• _Task brief_
Only the lines from the one with "Louis Vuitton Pattern" to the end of the data, both ends included, should be output, exactly as they stand and without pictures.

• _Excerpted data_
%%

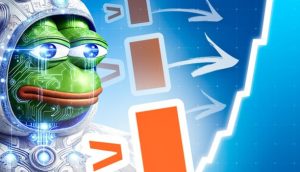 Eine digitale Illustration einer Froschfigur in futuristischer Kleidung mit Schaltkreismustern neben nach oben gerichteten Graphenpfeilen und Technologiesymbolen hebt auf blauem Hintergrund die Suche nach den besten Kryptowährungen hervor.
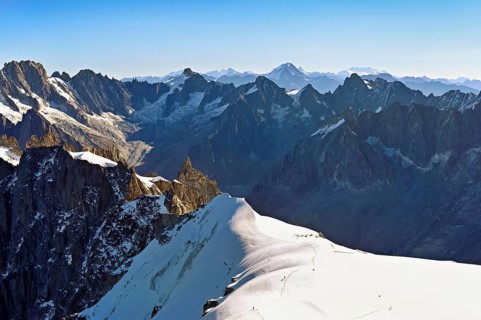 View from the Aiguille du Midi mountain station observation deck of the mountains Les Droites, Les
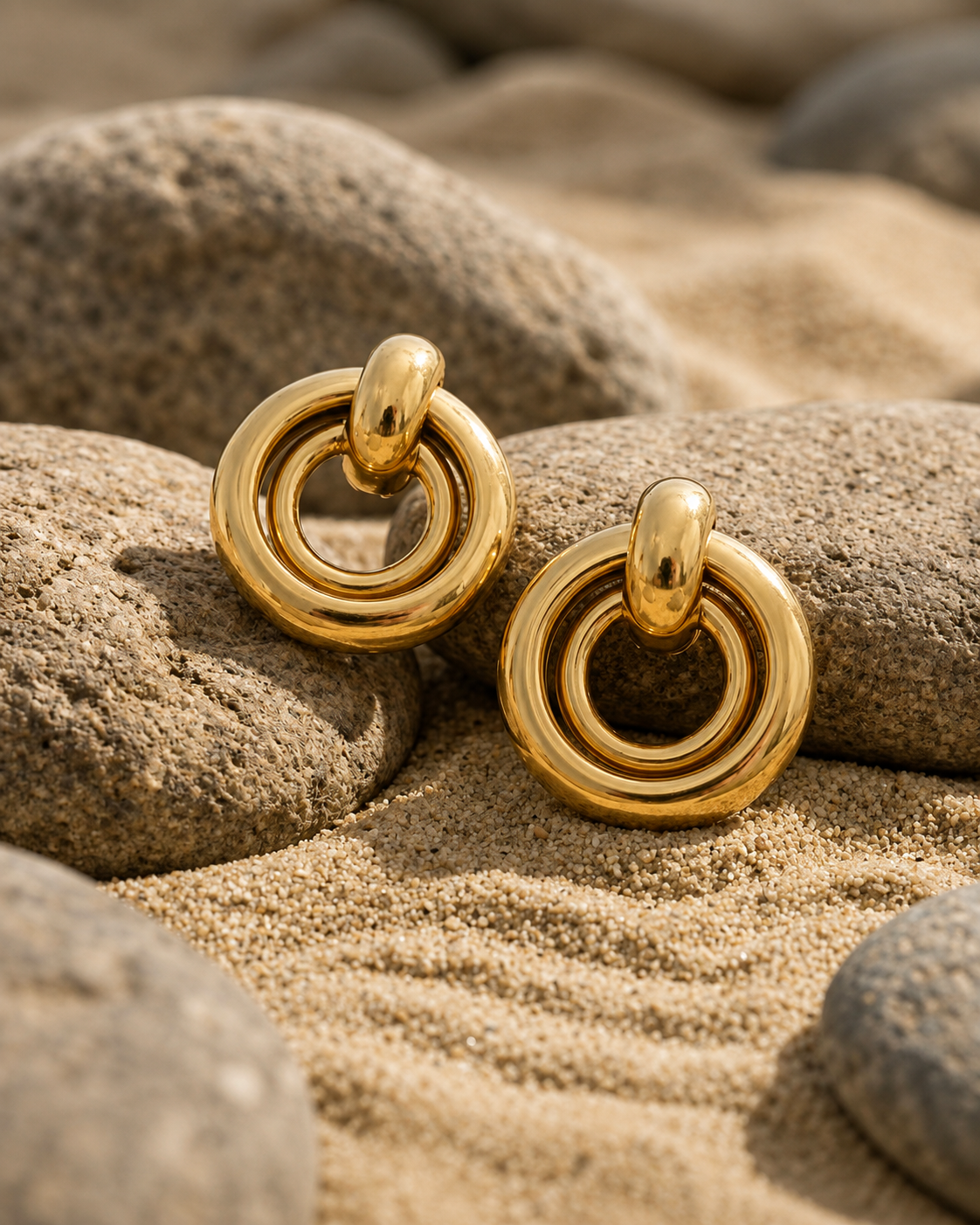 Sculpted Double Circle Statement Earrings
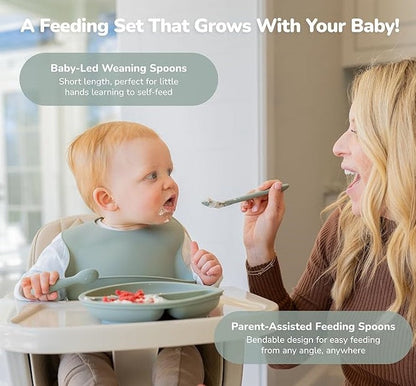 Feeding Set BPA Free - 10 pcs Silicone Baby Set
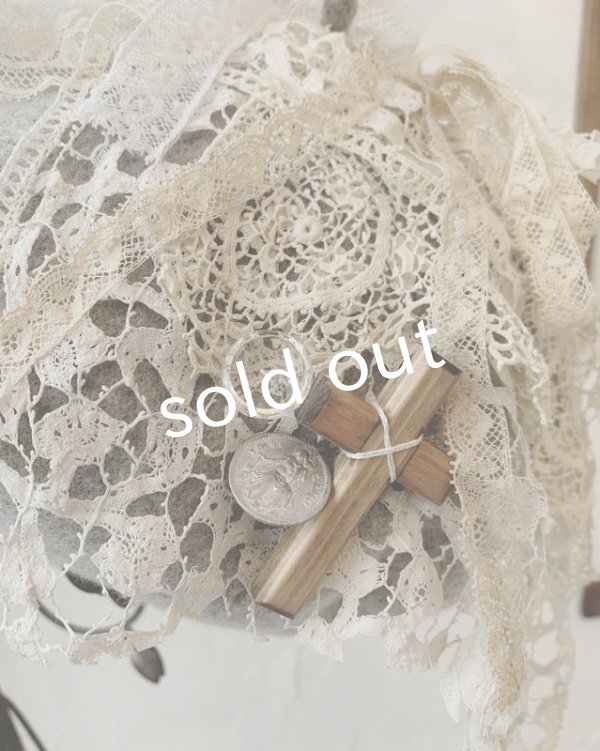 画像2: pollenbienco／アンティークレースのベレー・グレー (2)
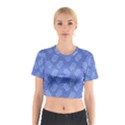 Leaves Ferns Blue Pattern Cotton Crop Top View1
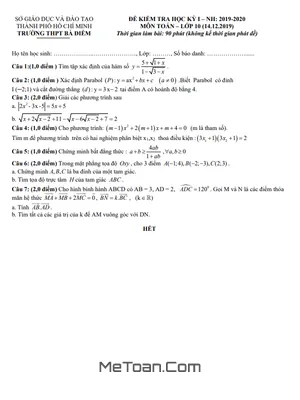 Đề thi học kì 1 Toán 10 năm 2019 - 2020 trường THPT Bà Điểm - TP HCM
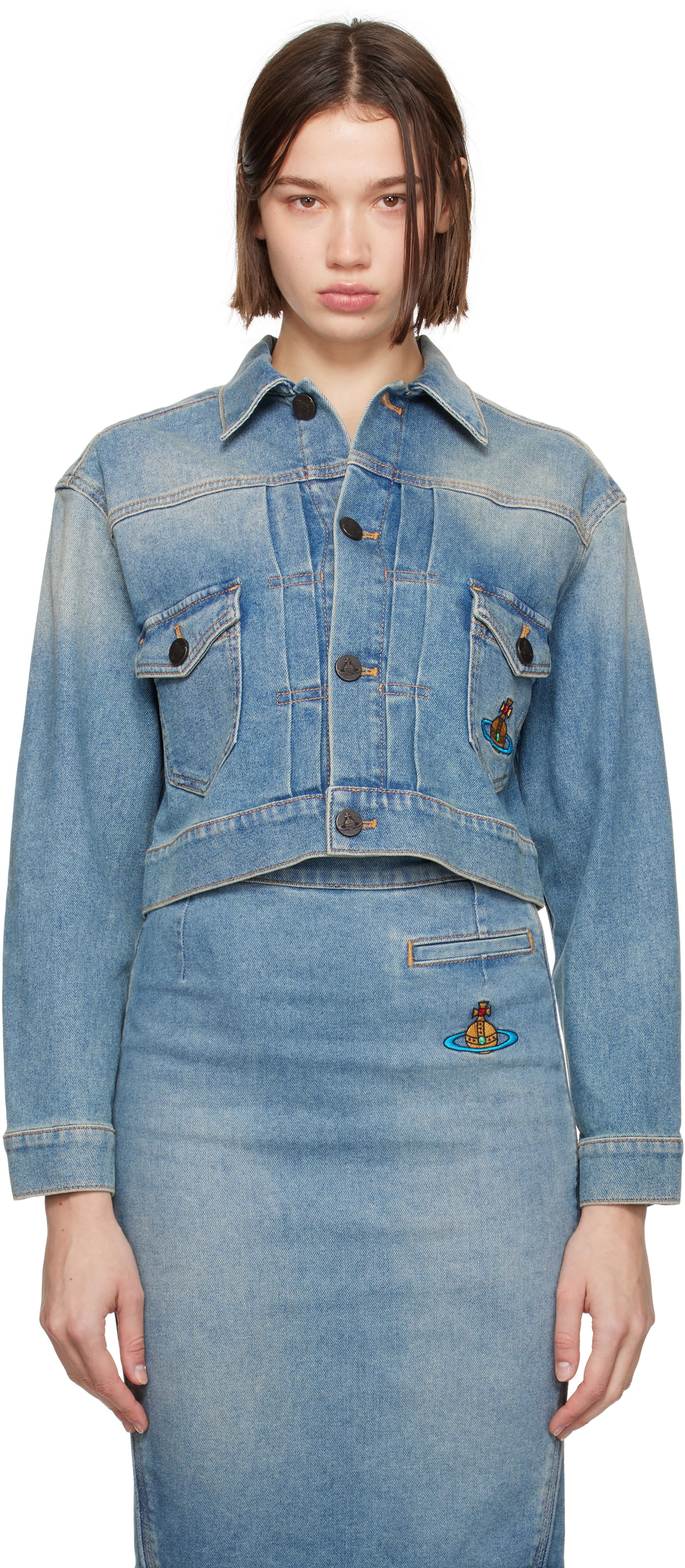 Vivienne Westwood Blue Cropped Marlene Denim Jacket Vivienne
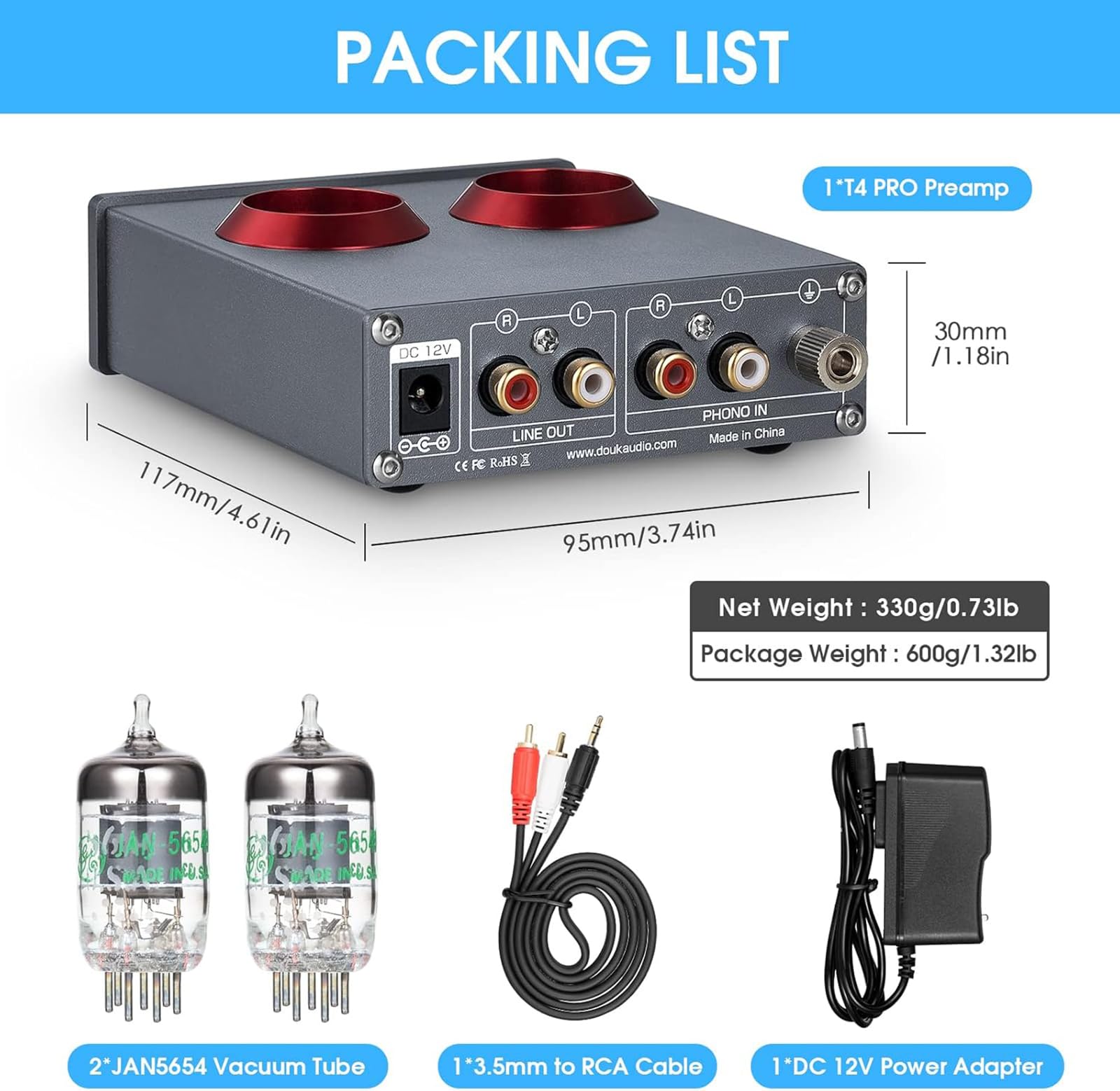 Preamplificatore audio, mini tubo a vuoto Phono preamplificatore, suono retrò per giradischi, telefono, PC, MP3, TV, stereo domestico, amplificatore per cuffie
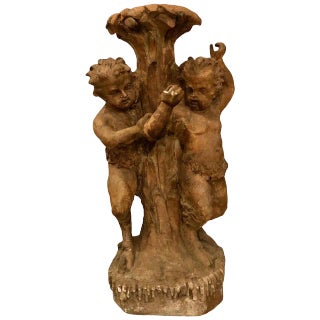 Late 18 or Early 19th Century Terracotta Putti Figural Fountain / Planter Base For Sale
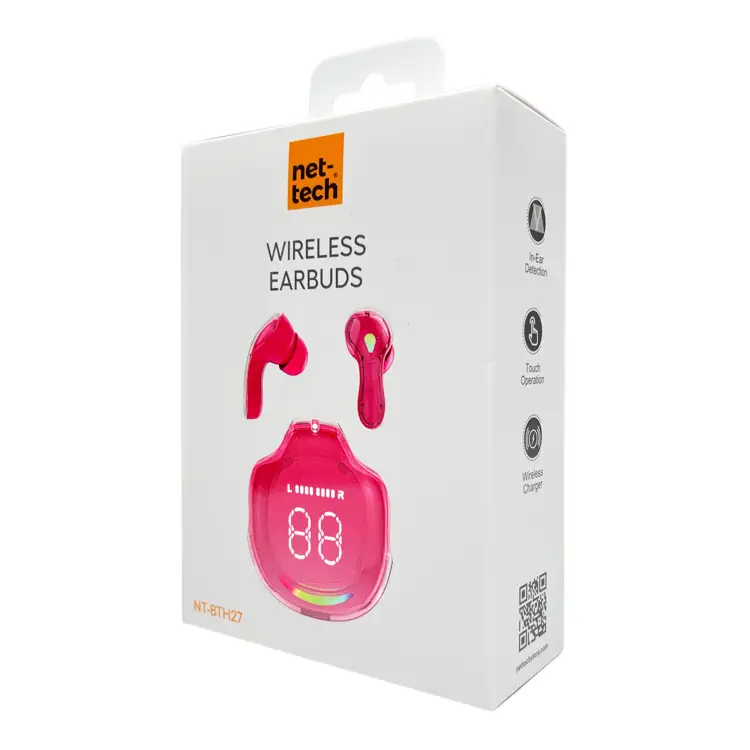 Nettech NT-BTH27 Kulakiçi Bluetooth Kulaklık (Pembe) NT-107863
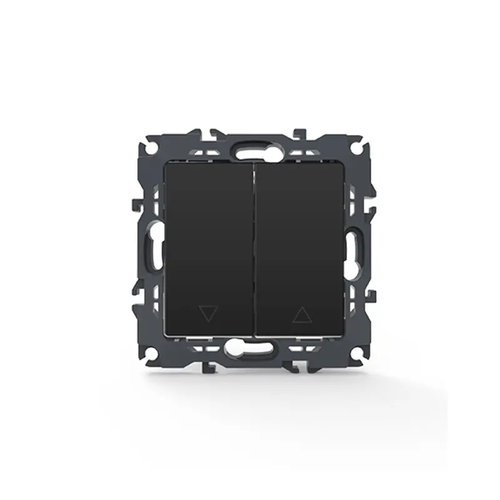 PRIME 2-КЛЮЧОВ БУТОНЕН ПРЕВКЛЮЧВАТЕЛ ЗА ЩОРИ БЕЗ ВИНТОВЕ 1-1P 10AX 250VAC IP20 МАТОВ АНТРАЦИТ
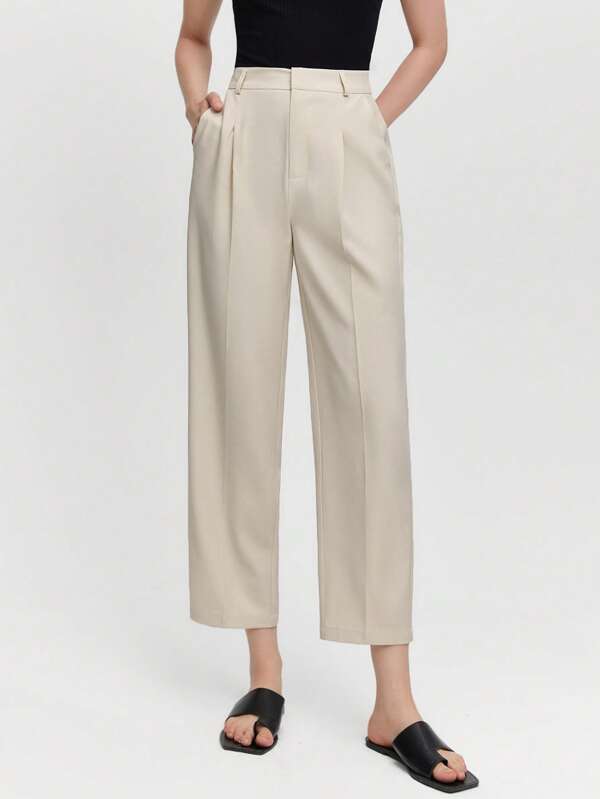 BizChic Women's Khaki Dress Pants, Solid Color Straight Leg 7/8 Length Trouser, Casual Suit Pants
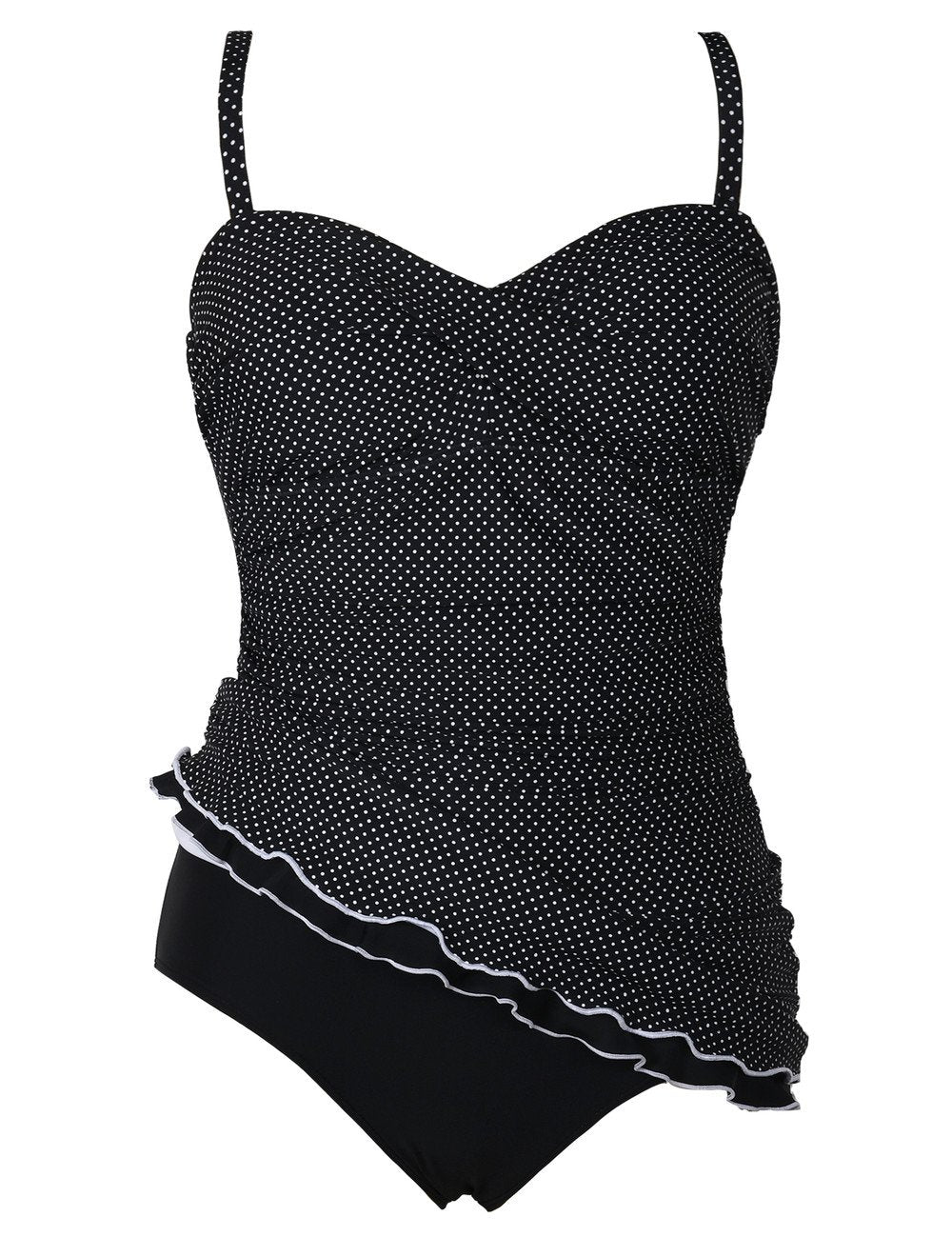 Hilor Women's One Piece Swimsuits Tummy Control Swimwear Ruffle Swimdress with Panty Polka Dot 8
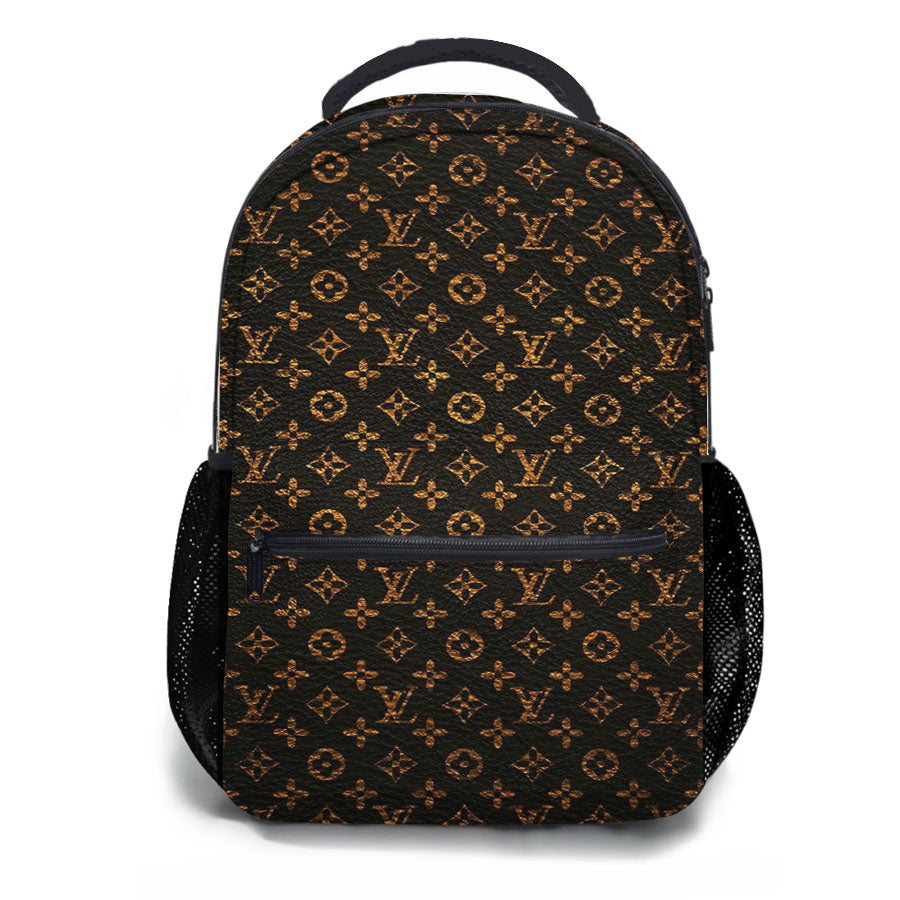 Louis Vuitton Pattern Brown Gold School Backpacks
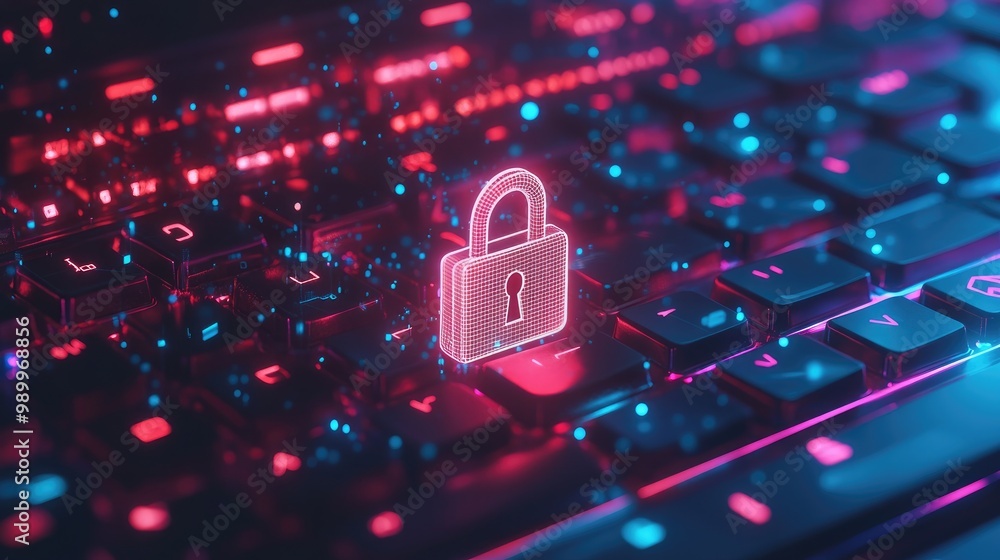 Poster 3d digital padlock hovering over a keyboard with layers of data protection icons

%%

• _Task output_
 Louis Vuitton Pattern Brown Gold School Backpacks
 Poster 3d digital padlock hovering over a keyboard with layers of data protection icons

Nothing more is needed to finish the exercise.